After a summer of torture, depression, and near suicide, I have finally seen a film that begs to be seen by more discriminating viewers who are equally sick to death of the latest action romp. Dirty Pretty Things, the new film from director Stephen Frears, is, in fact, the best film I have seen so far this year. Combining suspense, drama, humor, and social commentary, the film is the first to entertain my brain in many months. I remained involved throughout, as the film moves from one compelling scene to the next, never wasting a shot or our time with pointlessly self-aware dialogue. In fact, I had such a good time at Dirty Pretty Things that it made me more aware than ever of how much time I have been wasting with mindless Hollywood tripe.
In its structure, Dirty Pretty Things is a mystery of sorts — the story of Nigerian immigrant Okwe (Chiwetel Ejiofor) and his work at the front desk of a London hotel. We learn quickly that Okwe has several jobs (cab driver, ad hoc doctor), but it is his hotel work that begins the mystery. Checking a room, he discovers a clogged toilet and the source of that clog is revealed to be a human heart. No one seems overly concerned about either the organ or its missing (and dead) owner, although Okwe is determined to penetrate the puzzle. And we also meet co-worker Senay (Audrey Tautou of Amelie fame), a Turkish immigrant who lets Okwe sleep over at her apartment while she is at work. Their arrangement is a violation of her immigration status, as she is not allowed to share her dwelling with anyone else. Still, these two have an arrangement that is mandated by their precarious positions in the London underground. Also at the hotel is the sleazy “entrepreneur” Sneaky (Sergi Lopez), another immigrant who seems to running a dangerous business behind the closed doors of the hotel.
One of the genuine surprises of the film is how much care and attention it pays to the supporting characters. Okwe and Senay are clearly the main focus, but Frears allows the others to grow and develop in their own ways. All of them, from fellow immigrants participating in Sneaky’s “business,” to the doorman at the hotel, to Okwe’s friend in a local morgue, to a sassy prostitute, refuse to be mere support and insist on their importance to the larger story. Each character brings not only color and life, but a sense that when the camera is elsewhere, they continue to work, struggle, and converse. They are not in the film merely to add a bit of flavor before shuffling off, but rather they add to an overall theme — that of how immigrant communities in a big city, despised by the authorities and natives alike, are nevertheless necessary to the survival of the economy. Few films show us the daily lives of such immigrants, but Dirty Pretty Things does so in a way that is neither preachy not sanctomonious. There is nothing particularly loathsome about these people, but neither are they saints.

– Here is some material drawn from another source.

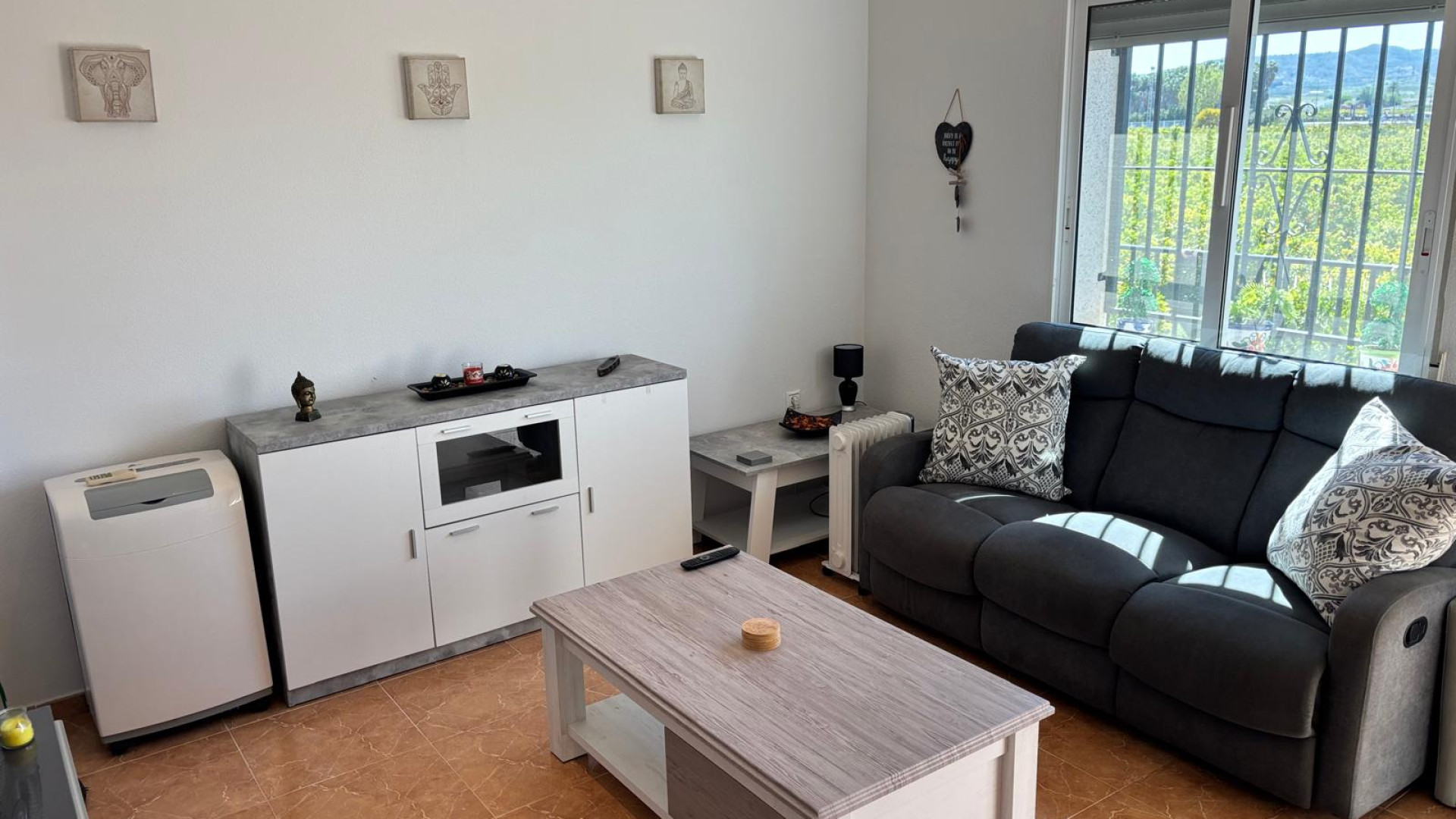 Revente - Apartment - Benejúzar - Benejuzar - Town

I do not wish to spoil the film for you by revealing the secrets of the “business,” but let it be said that the film has chosen a unique way of discussing the desperate circumstances and difficult choices of illegal immigrants. There are genuine moral choices to be made, and the consequences of each are presented without the reassuring gloss of Hollywood uplift. Jobs are at stake, as are lives, and the film refuses to judge anyone for what might seem to us to be obvious decisions. And from the interactions between the characters to the film’s resolution, I always felt as if everything resulted from the logic of the story rather than artificial impositions by the screenwriter. Some developments might seem far-fetched when we examine them from the comfort of our advantaged positions, but I never felt as if I had to suspend disbelief or wonder why the characters were behaving mechanically.
Again, the strength of this film lies in its structure. It is taut, confident, and edited with precision. We learn what we need to learn and even when the dialogue does not supply us with emotional cues, we can imagine what the characters do not immediately convey. We get enough background and witness enough behavior to feel as if these people have been fleshed out by a filmmaker secure in his understanding of the human condition. And yet, many of the characters are “symbols” of ideas that Frears feels compelled to give us along with his story. Whenever symbolism or metaphorical qualities are mentioned, most people imagine a heavy-handed treatment of some topical issue or celebrity cause, but Frears has selected one of the more important — and complex — issues of our day, again without the slightest sense of superiority. Outside of a great quote from Okwe about the hidden underclass, there are no soapbox speeches, nor does the film screech to a halt in order for the political axes to grind away. Instead, the politics are seamlessly woven into the story itself, demonstrating that the most powerful statements are often made just by showing us reality as a process. Following around these people as they perform their thankless tasks is enough; we don’t need lectures and Frears refuses to give them to us.
In all, Dirty Pretty Things made me laugh, made me think, and managed to outrage and entertain me all at the same time. Given the crap that passes for cinema in this age of the blockbuster, I had forgotten that films could be this good without the gimmickry that threatens to turn a beloved art form into a depressing extension of video games and comic books. There are jolts and shocks in Dirty Pretty Things — as well as bizarre turns of events — but it refuses to be defined by them, insisting instead on a very human story that always remains plausible despite circumstances most of us could never understand. Thankfully, Frears has remembered that it is no crime to leave the brain running while we enjoy the ride.